There’s a saying that goes: “A fool and his money are soon parted.” While you may not lose all your money by making these financial mistakes, you could certainly lose some of it and even incur penalties and fines.
Here’s a list of the silly things people do to lose money and solutions to avoid falling into the same trap:
- KEEPING MONEY IN A LOW INTEREST-BEARING ACCOUNT
According to Michael Kransdorff, chief economist at investment service My Treasury, most South Africans are being fooled. Over 16 million of us have cash in savings accounts but, according to the latest SA Reserve Bank statistics, a large percentage (about 40%) of this money sits in accounts that offer very low – if any – interest. While you may be enjoying the safety net that some of these accounts offer, the reality is that if you don’t switch, your money won’t grow above inflation.
The solution: “South Africans could be earning as much as 10% on their savings, if they switched to higher interest-paying accounts,” says Kransdorff. Go to mytreasury.co.za to compare options to ensure you get the highest interested based on your needs.
- LETTING GOVERNMENT SQUEEZE YOU THROUGH TAXES
Most new tax changes announced in the budget speech earlier this year will come into effect today. There will be a total 52c per litre increase in the fuel and RAF levy, increases in alcohol and tobacco excise duties of between 6% and 10%, and an increase from 7% to 9% in the excise duty rate on luxury goods.
Products regarded as luxury items and which are subject to the payment of ad valorem excise duties include motor vehicles, electronic equipment, smartphones, cosmetics and perfumes.
The plastic bag levy increased by 12c per bag and the levy on incandescent light bulbs from R6 to R8 to promote environmentally friendly choices. The tax on motor vehicle emissions will also increase from today.
There were no adjustments to the top four income tax brackets and a below-inflation adjustment to the bottom three, offering meagre relief for taxpayers.
The much-discussed sugar tax will be implemented on April 1, in the form of a health promotion levy which taxes sugary beverages.
The solution: Cut your spending on luxury items, don’t drink fizzy drinks, invest in products such as tax-free savings accounts and get financial advice.
Jenny Gordon, Alexander Forbes head of retail legal support says: “The tax burden on individuals has been increasing, but if people planning for retirement use certified financial advisers to help them structure their investment mix well, they are more likely to be able to reduce their tax in their retirement years. South Africans across the board will have to tighten their belts as we settle in to assist the government chart a path out of economic stagnation.”

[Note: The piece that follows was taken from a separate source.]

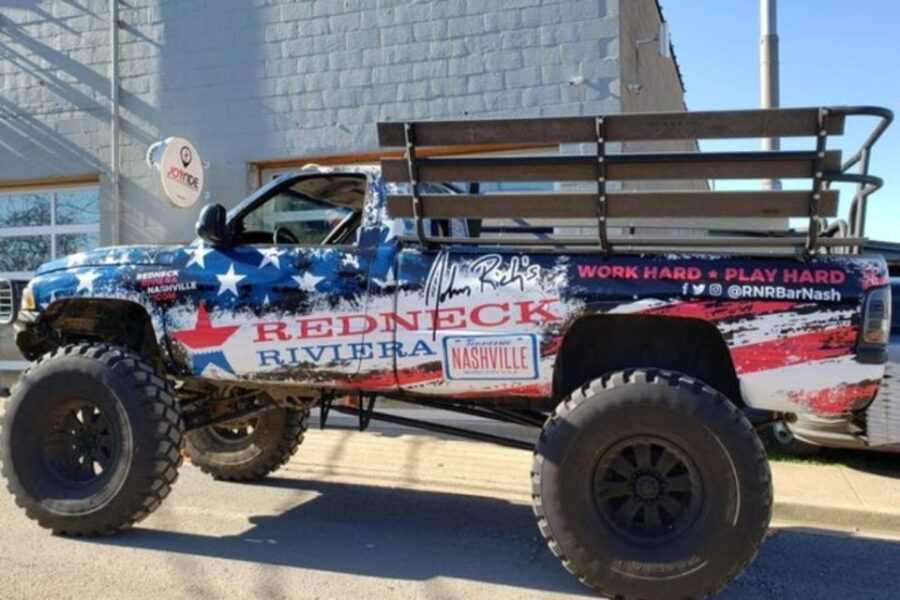 Nashville: Monster Truck Tour - Starting Point and Check-in: Meeting at 833 9th Ave S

- SPLURGE WHEN MONEY COMES IN
We all get that feeling when our pay cheque comes in at the end of the month – elation and excitement, often followed by the urge to go out and buy something. We often do the same when a large sum of money, like a tax return or a bonus, comes into our bank accounts.
The solution: While you can spoil yourself, you should do so in moderation and keep the bulk of that money to pay for or save for something practical.

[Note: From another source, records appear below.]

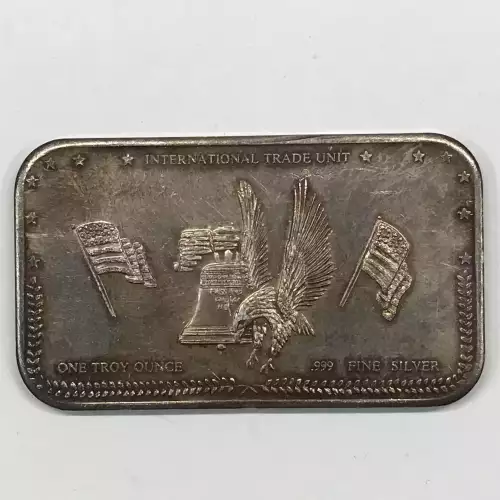 1 oz Silver (BAR) (2)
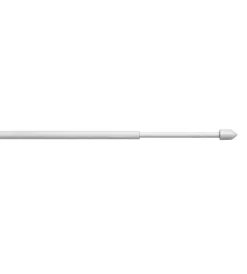 Outlet Bric astina in acciaio plasticato bianca a pressione riducibile da 60 65 cm Tessile D'Arredo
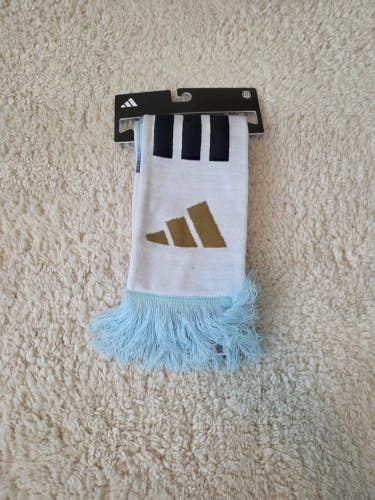 NWT Argentina Adidas Soccer Scarf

Nthabiseng Moloi, MiWay’s head of marketing, says at least 20% of your income should go into savings, whether this be in the form of an emergency fund, an interest-bearing savings account or a retirement annuity.

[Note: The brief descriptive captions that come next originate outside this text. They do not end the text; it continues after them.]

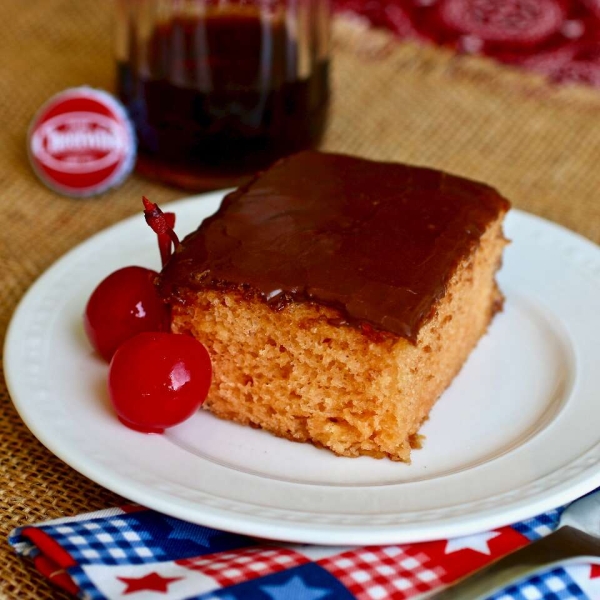 Cheerwine® Cake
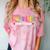 4th Grade Here I Come Kids 3rd Grade Graduation Comfort Color Blast T-Shirt Clay
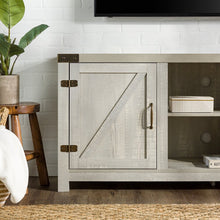 Load image into Gallery viewer, Stone Gray Coridon TV Stand for TVs up to 65&quot;
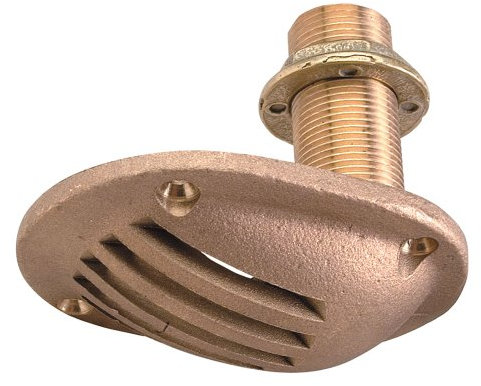 PERKO 1/2 Intake Strainer Bronze
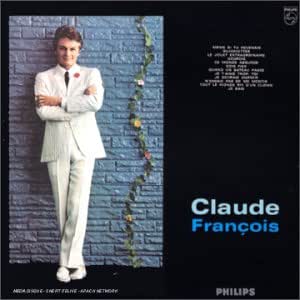 CLAUDE FRANCOIS Juke Box Meme Si Tu Revenais Georgie Etat Moyen EUR 2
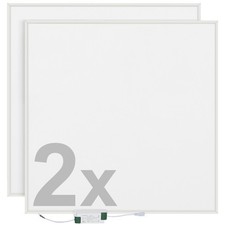 2x LED Panel 62x62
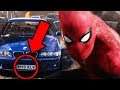 Spiderman Far From Home Every Easter Egg on License Plates Explained!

“Ideally, 50% should then be allocated towards necessities, with the remaining 30% used for the things you want, rather than need. By applying this 50/30/20 rule, you should be able to effectively carve out a solid chunk of savings over time,” she says.
- TAKING ON TOO MUCH DEBT
Half of South Africa’s credit-active consumers are overindebted. Many get into a debt spiral because they use one loan or credit card to pay off another, and so the cycle goes on.
The solution: Stop using credit to pay off debt. Tackle one loan at a time and pay in more than the minimum amount to get rid of the loan faster. If you don’t know how to tackle your debt, ask an accredited financial adviser or debt counsellor to help you get out of the red.
- NOT SAVING FOR YOUR RETIREMENT
Some people forgo saving into a pension because they think they still have lots of time to save for retirement. Others cash in their pension pot when they are able to do so. Some retirees use their pension lump sum to splash out on expensive trips abroad or around-the-world cruises.
The solution: Start saving for retirement in your 20s, or as soon as you earn an income. Rather transfer your money into another pension instead of spending it if you switch jobs. If you take a lump sum at retirement, sit down with your financial adviser and see if you can in fact afford that expensive trip, or whether it will leave you struggling while you should be enjoying your golden years.